*** Opening Available data ***

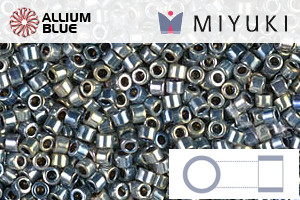 MIYUKI Delica® Seed Beads (DB0545) 11/0 Round - Palladium Silver Blue Gold Iris - Haga Click en la Imagen para Cerrar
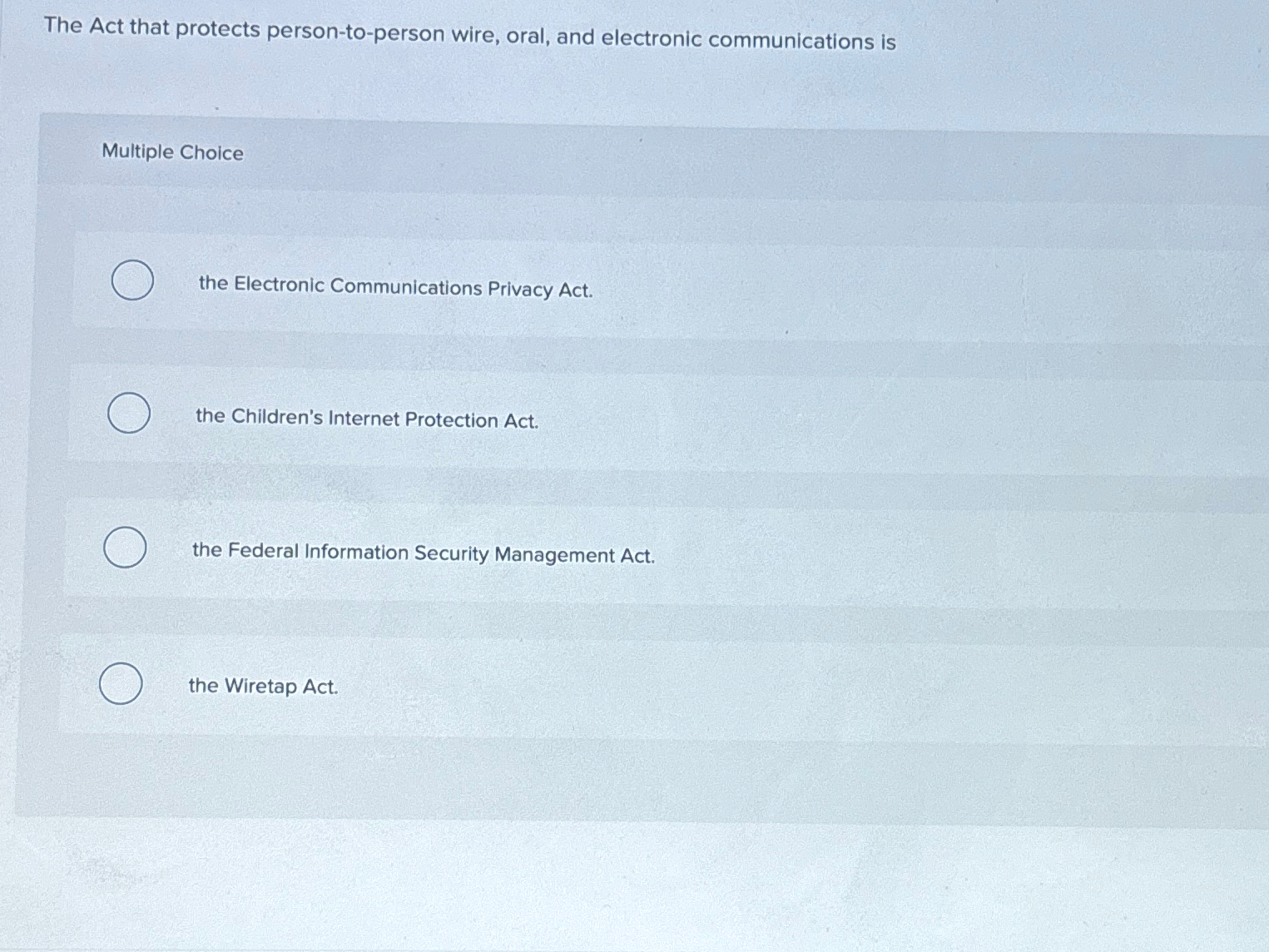 The Act that protects person - to - person wire,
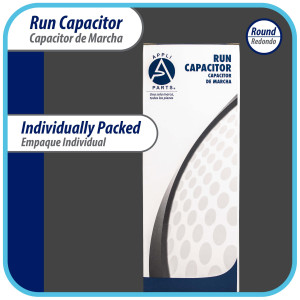 Appli Parts Condensador Capacitor de Marcha 70 Mfd uF (microfaradios) 250VAC CBB60 Cuerpo plastico para bombas de agua y otras aplicaciones Redondo UL E476928 CON-70-250-P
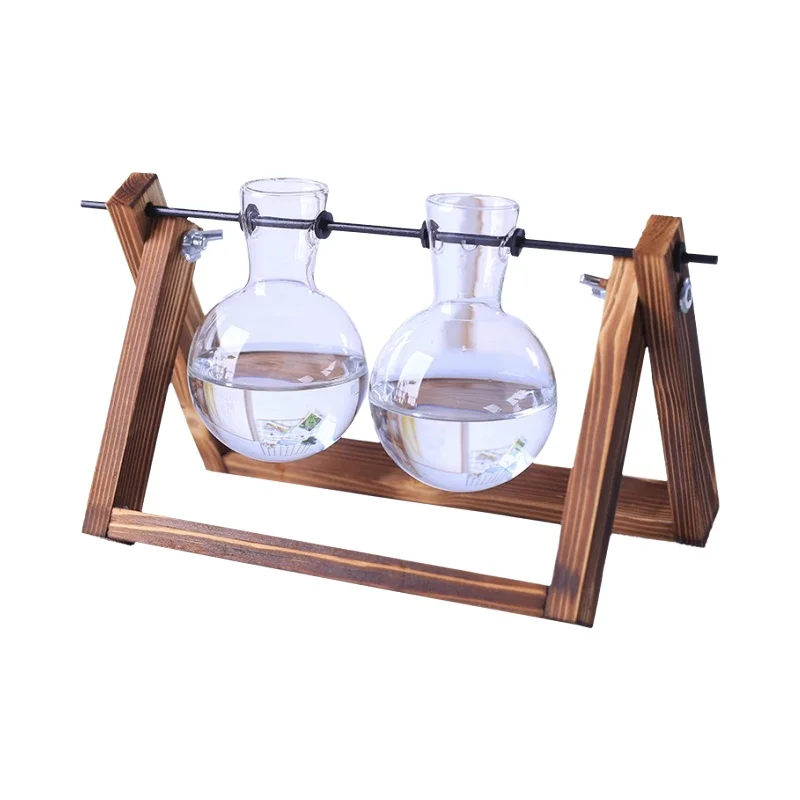 水耕花瓶 オフィス デスク装飾 ガラス 木製フレーム グリーンローブ 植物 創造的デザイン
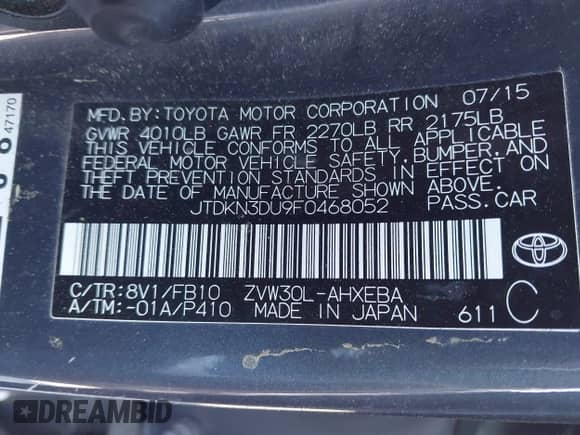 2015 Toyota Prius Persona Series z VIN JTDKN3DU9F0468052, wystawiony jako IAAI lot #43471716 z przebiegiem 120 422 mil mil oraz . Historia ofert i sprzedaży dostępna na DreamBid. Obrazek 9.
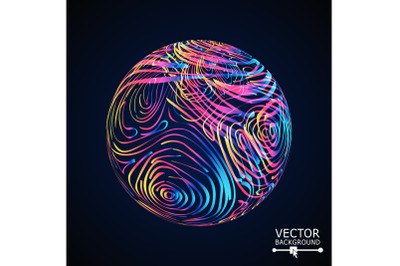 Sphere Background With Swirled Stripes. Vector Glowing Composition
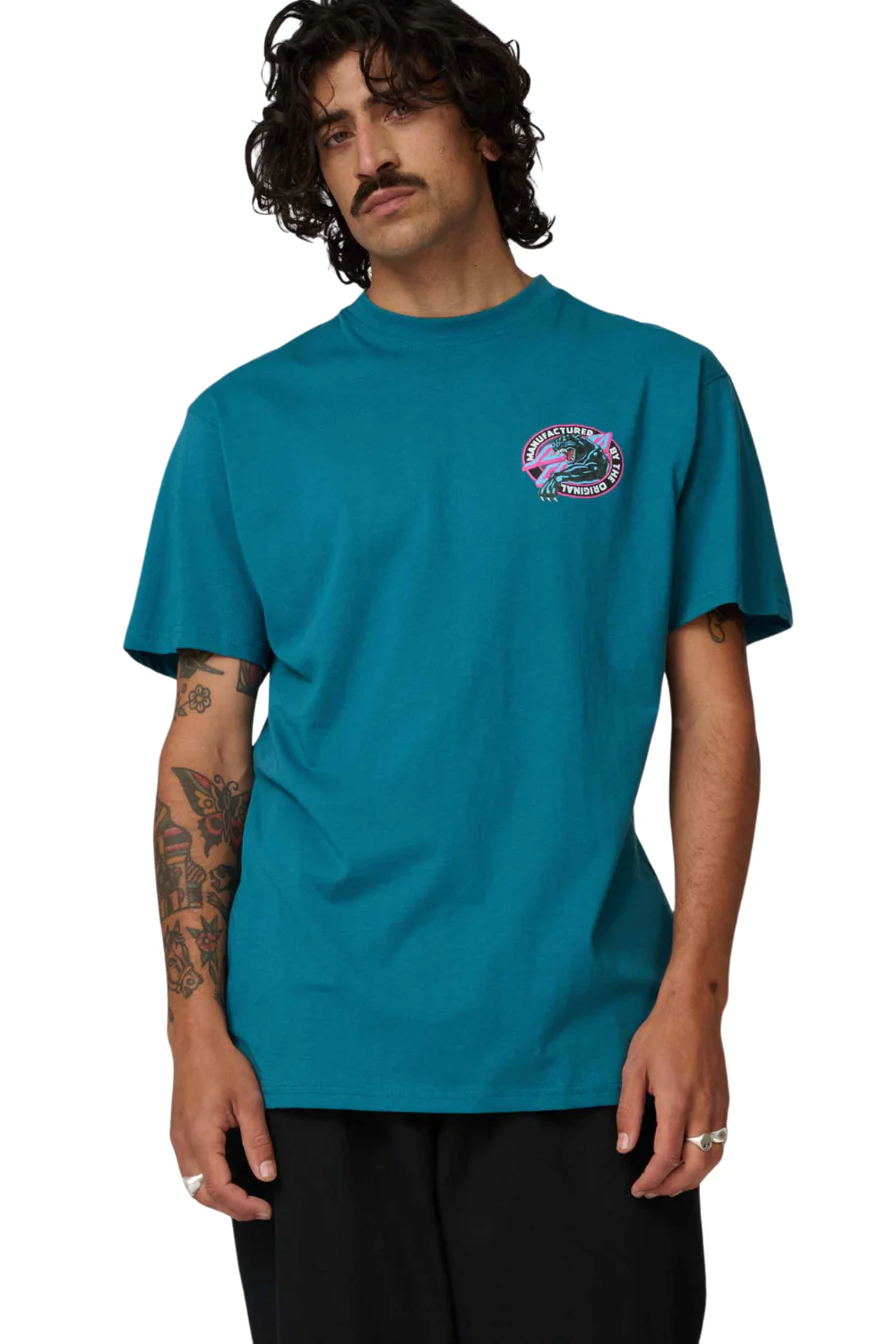 Santa Cruz Natas Sketch Panther Mens T-Shirt Teal - Image 2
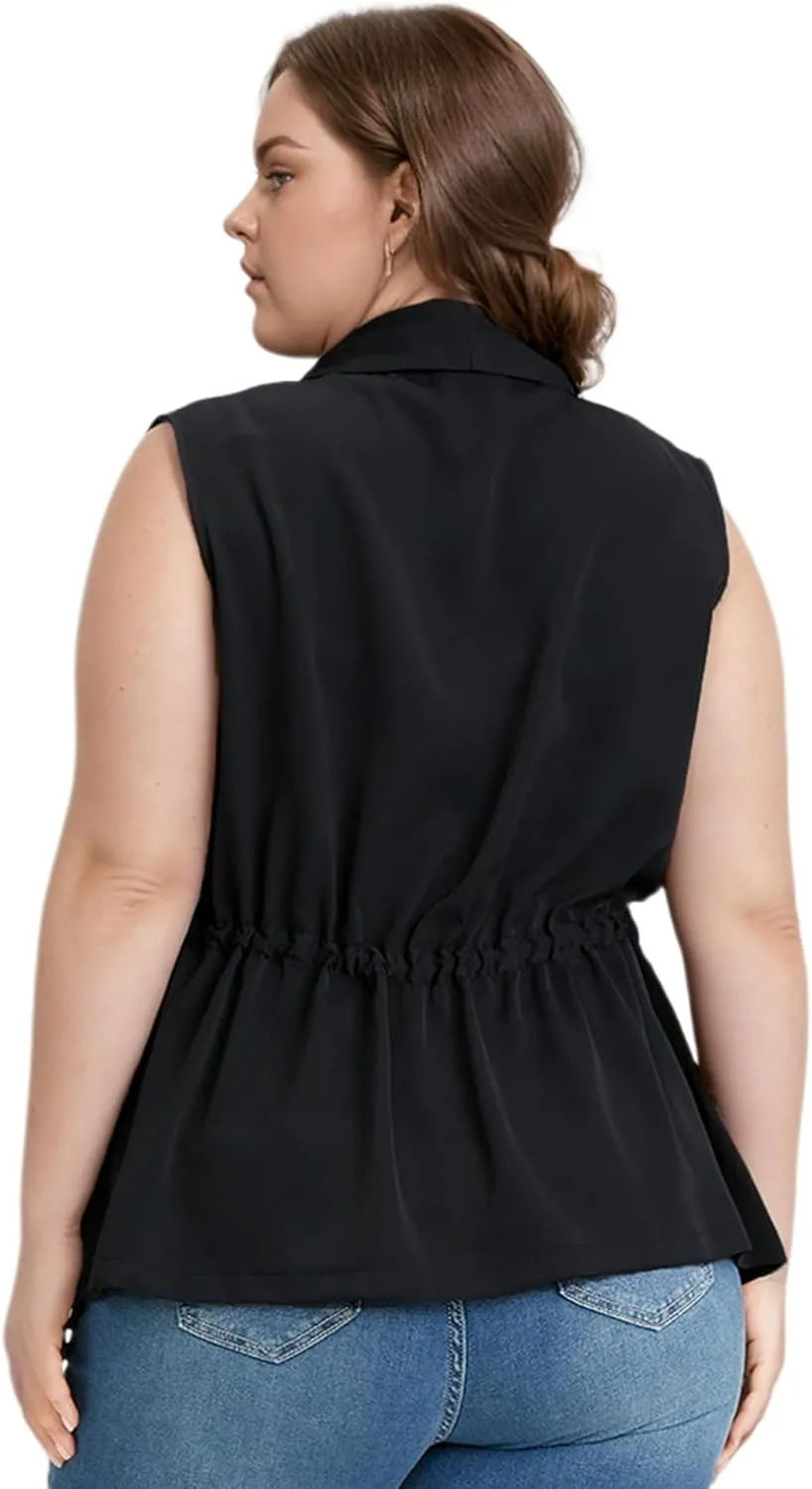 Women's Plus Size Vest Sleeveless Casual Long Cardigan Vests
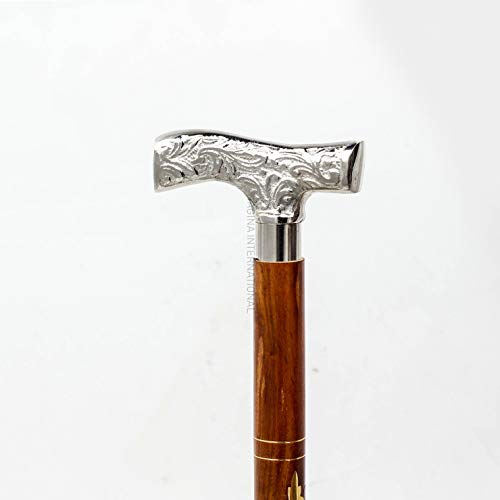 Premium Chromed Deluxe Walking Sticks | Rosewood Crafted Walking Cane With Solid Brass Chrome Decorative Bars | Walking Canes & Crutches | Nagina International (Deco Bar, 36 Inches) #TOP5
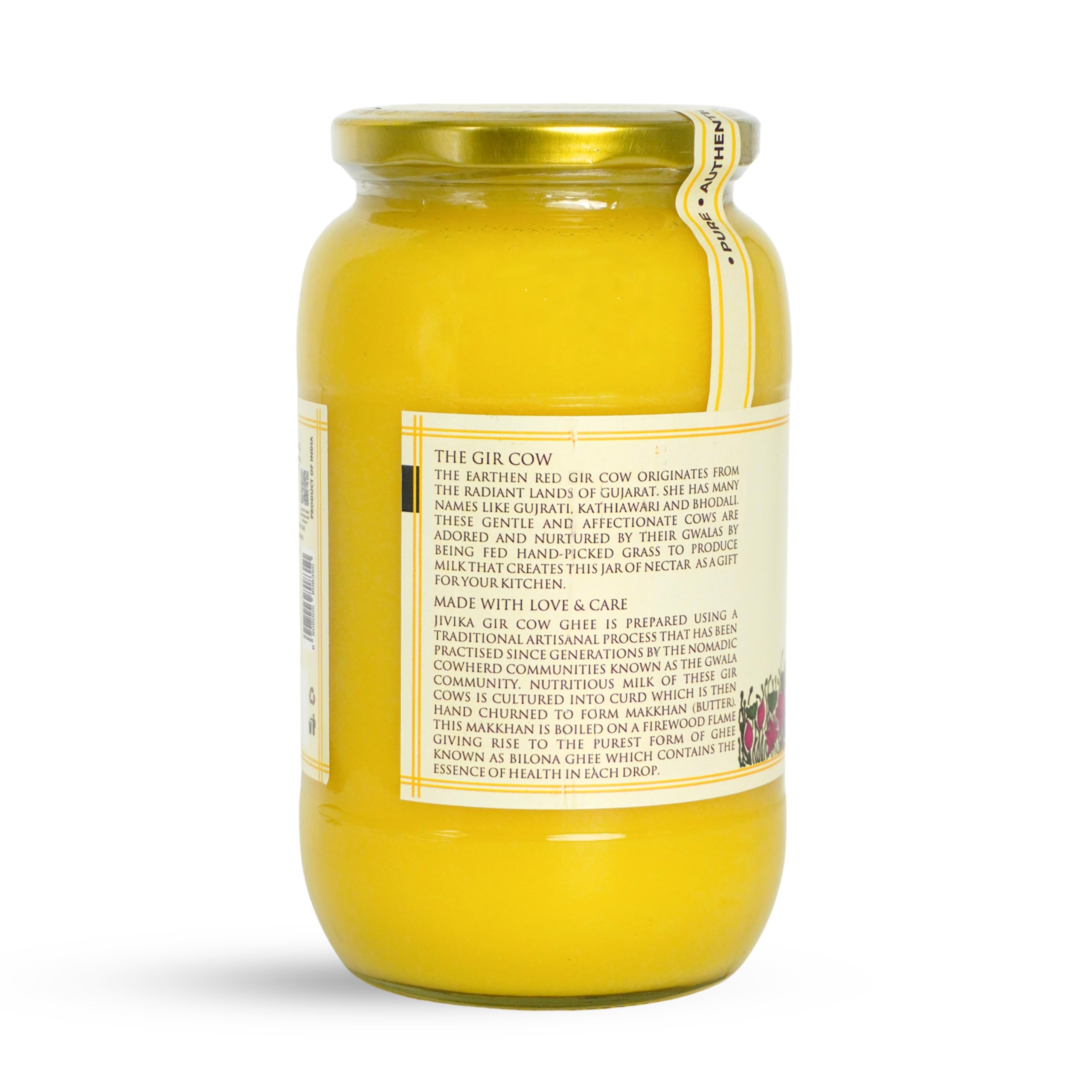 JIVIKA NATURALS Ghee de vaca Gir Gir de alta calidad de 1 litro, probado en leche A2, método védico Bilona, probado en laboratorio, ghee de vaca desi puro, dirección bidireccional, churned from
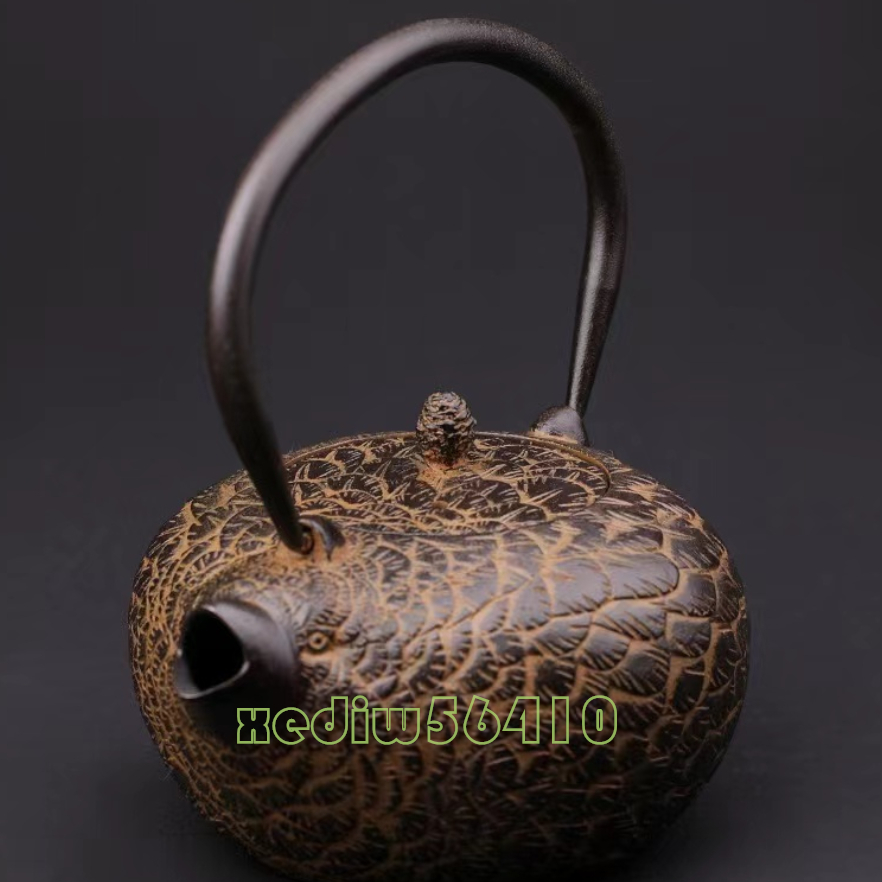 茶壺☆手彫り鉄壺 鉄やかん 鉄分補給 未塗装鉄器 鉄器 茶道具-
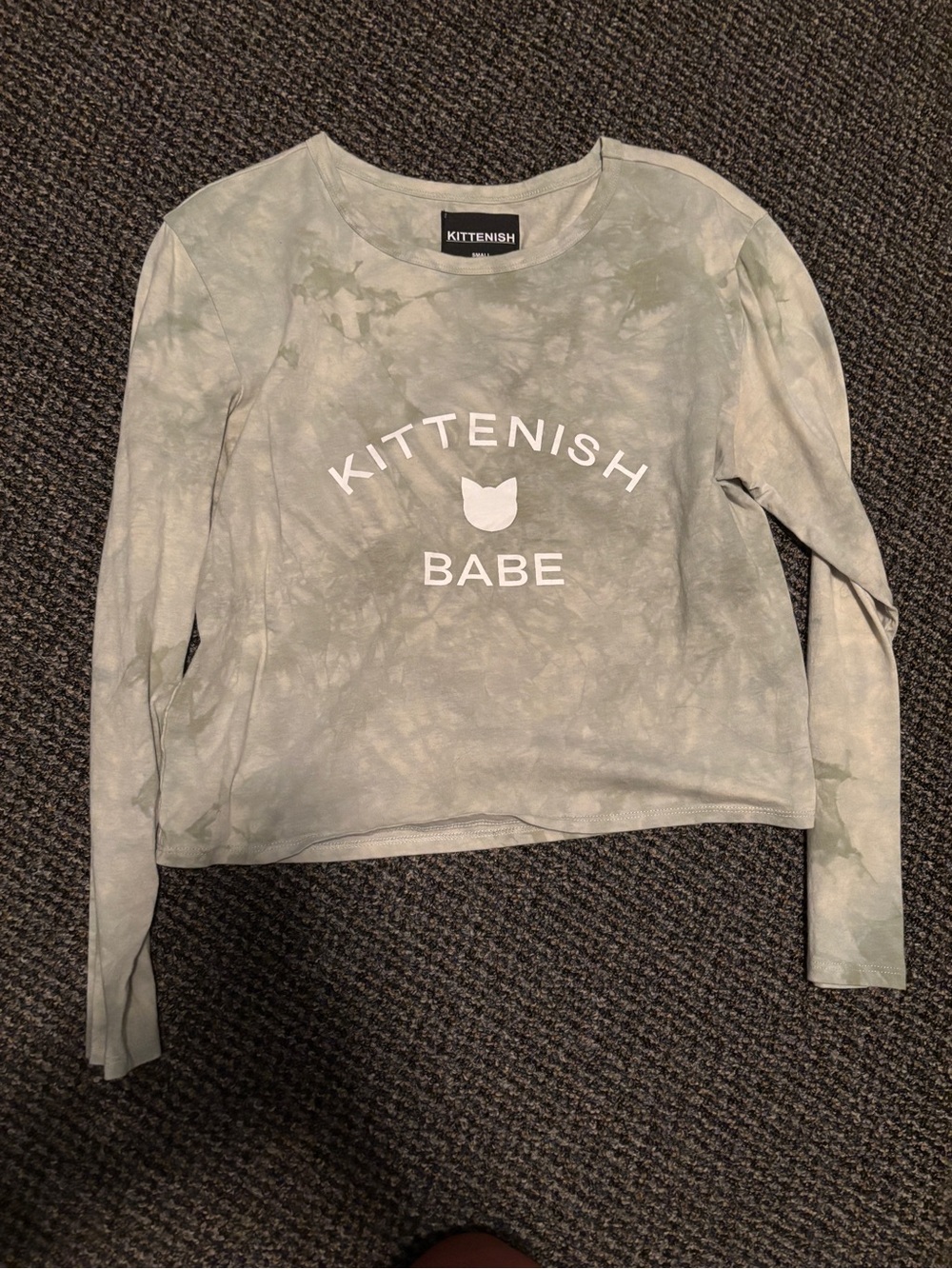 Kittenish Semi-Cropped Long Sleeve Tee in Sage Green Tie-Dye
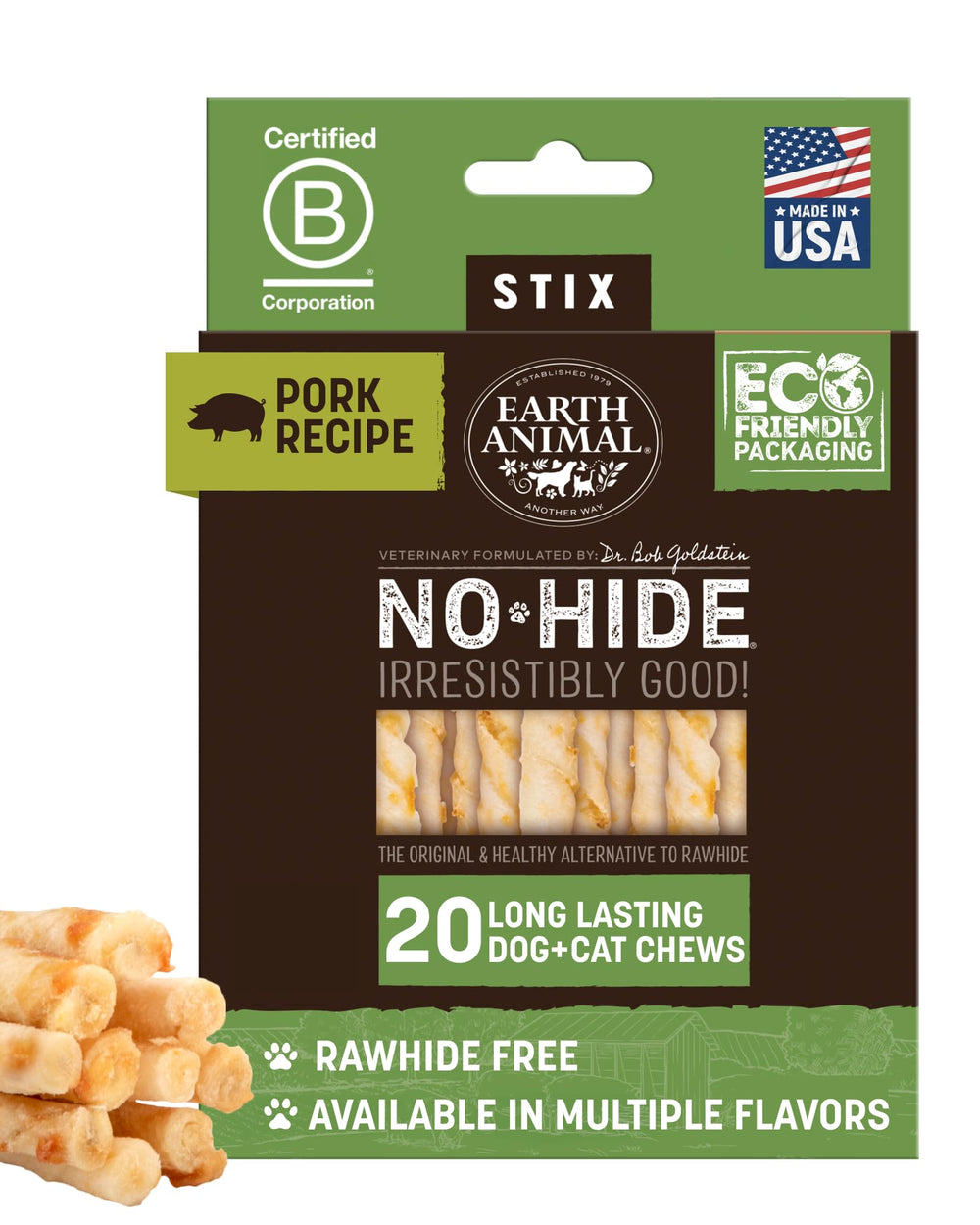Earth Animal No Hide Stix front-pack shows long lasting pork chews for small dogs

*** Closing Available data ***

Activity: Give every entry back unchanged, with no pictures.

Task answer:
 MIYUKI Delica® Seed Beads (DB0545) 11/0 Round - Palladium Silver Blue Gold Iris - Haga Click en la Imagen para Cerrar
 The Act that protects person - to - person wire,
 Appli Parts Condensador Capacitor de Marcha 70 Mfd uF (microfaradios) 250VAC CBB60 Cuerpo plastico para bombas de agua y otras aplicaciones Redondo UL E476928 CON-70-250-P
 水耕花瓶 オフィス デスク装飾 ガラス 木製フレーム グリーンローブ 植物 創造的デザイン
 2015 Toyota Prius Persona Series z VIN JTDKN3DU9F0468052, wystawiony jako IAAI lot #43471716 z przebiegiem 120 422 mil mil oraz . Historia ofert i sprzedaży dostępna na DreamBid. Obrazek 9.
 Sphere Background With Swirled Stripes. Vector Glowing Composition
 Santa Cruz Natas Sketch Panther Mens T-Shirt Teal - Image 2
 Women's Plus Size Vest Sleeveless Casual Long Cardigan Vests
 Premium Chromed Deluxe Walking Sticks | Rosewood Crafted Walking Cane With Solid Brass Chrome Decorative Bars | Walking Canes & Crutches | Nagina International (Deco Bar, 36 Inches) #TOP5
 JIVIKA NATURALS Ghee de vaca Gir Gir de alta calidad de 1 litro, probado en leche A2, método védico Bilona, probado en laboratorio, ghee de vaca desi puro, dirección bidireccional, churned from
 茶壺☆手彫り鉄壺 鉄やかん 鉄分補給 未塗装鉄器 鉄器 茶道具-
 Kittenish Semi-Cropped Long Sleeve Tee in Sage Green Tie-Dye
Earth Animal No Hide Stix front-pack shows long lasting pork chews for small dogs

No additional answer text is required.